Tuesday, April 13, 2010

Coal in Appalachia

I love West Virginia. It has to be one of the most beautiful states I've visited. There is so much to see and do in the outdoors in that state that the worst thing about the situation is having to make difficult choices about what to see and what to miss on a particular trip. It's not called the "Mountain State" for nothing. It seems to be covered in mountains and hills, with hardly a level spot to be found within its borders. This makes for spectacular scenery, soaring peaks, plunging valleys, gorges, whitewater, forests, wildlife....

It's a jewel of scenic beauty.

Much of the state's economy has been built on the relative wealth of the fossil fuels which lie just below the crust of the land. There is petroleum, natural gas, and coal. West Virginia is well known for its vast coal seams. For over 100 years it has been home to industries that dig into those mountains and hills gouging out the black, sooty fuel that has largely powered our economy since the days of the steam engines and the railways that depended upon that coal. Later, we powered our electric plants with the dirty stuff, and this is still mainly how we light our homes and businesses.

Coal has not been kind to West Virginia. Many of the people of that state depend upon coal mining to put food on their tables and clothes on their backs. This is a true thing. But if the coal industry is so good for that state, why does it constantly rate at or near the bottom of just about any list you could name--health care, education, infrastructure, tax base, quality of life, etc. If coal is so great why have the companies that make billions from the mining of this fuel done so damned little to lift up the people who do the heavy, dangerous work in procuring it?

Coal mining has also left a hideous legacy of pollution across the state of West Virginia. Streams were once fouled almost beyond recovery. It was only when regulations forced mining companies to work safely that the state's streams and rivers began to recover. It was only when the workers unionized and the federal government imposed regulations that it became safer to descend into those mines to get at the coal that we have needed to power this nation. Coal companies have never acted responsibly. At every turn they had to be forced to do the right thing.

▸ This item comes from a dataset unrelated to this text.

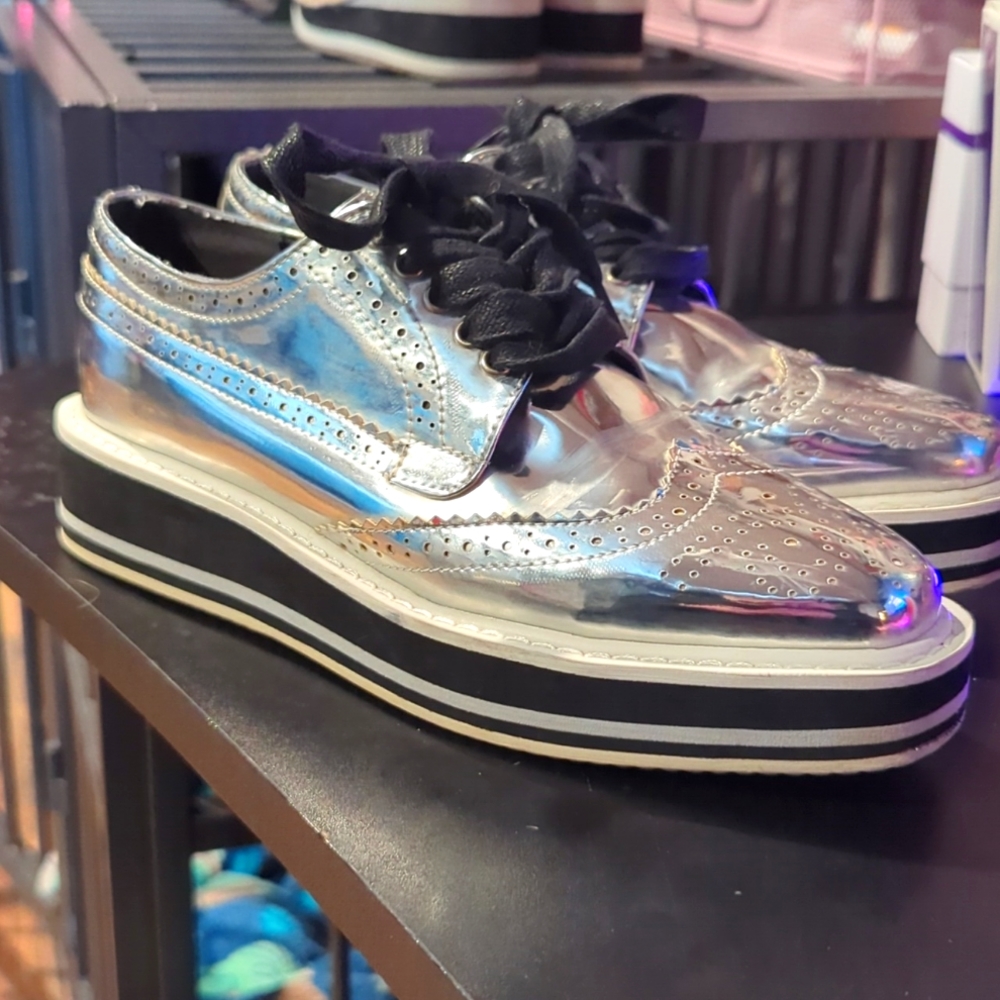 Silver Metallic Brogues - Prada copycats! Size 7 women's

I had always heard about the practice of "mountaintop removal" coal mining. I'd read about it, but scarcely believed it. Briefly, what these mining companies do is completely destroy entire mountains to get at coal seams. This is easier and cheaper than digging mines. But it destroys the entire ecosystem where this insanity is in practice. The forests are felled and the soil completely scoured away. Then the bedrock is blasted off and the mountaintops pushed down into the watersheds as an open-pit mine is produced as machines dig down to get at the coal. The aquifer is fouled pretty much beyond repair. The mountain is gone. The valleys are buried. The native forests are eliminated. A foul, polluted pit and a hideous scar upon the land is all that remains. It is insanity on a level that is almost impossible to comprehend. It is pure fucking evil.

The corporations that engage in this despicable poisonous act of violence against Earth and everything that lives upon it accomplished the permission to do this by lying. Small operation coal miners whose operations generally consisted of a single bulldozer, one dump truck, a loader, and perhaps a work crew of five or six were encouraged to lobby congressional members to be able to move a bit of dirt to get at small amounts of coal. Legislation was written and passed to allow these small miners to work in such a manner, moving small hillocks and mounds to access isolated patches of coal. But of course this had all been a smoke screen to allow the huge operations to follow suit, to tear down entire mountain ranges and to despoil encompassing watersheds in their mad greed to get at the coal seams in a far cheaper and far more destructive method.

This complete and totally evil insanity needs to come to an end. And the way that these energy companies accomplished their pernicious goals should be studied carefully so that they cannot repeat the process elsewhere.

If you visit West Virginia I hope your stay is not spoiled by the accidental viewing of one of these monstrous mountaintop removal mines. And if you visit there to see the places spared of this evil, you will most likely see all kinds of propaganda promoting the positive aspects of coal mining. But keep in mind that coal is no friend of the people of West Virginia. It has spawned an industry that has kept the people of West Virginia locked into a kind of abject slavery to the companies that control the mineral rights there.

To Hell with coal, and to Hell with the disgusting outfits who profit from its removal.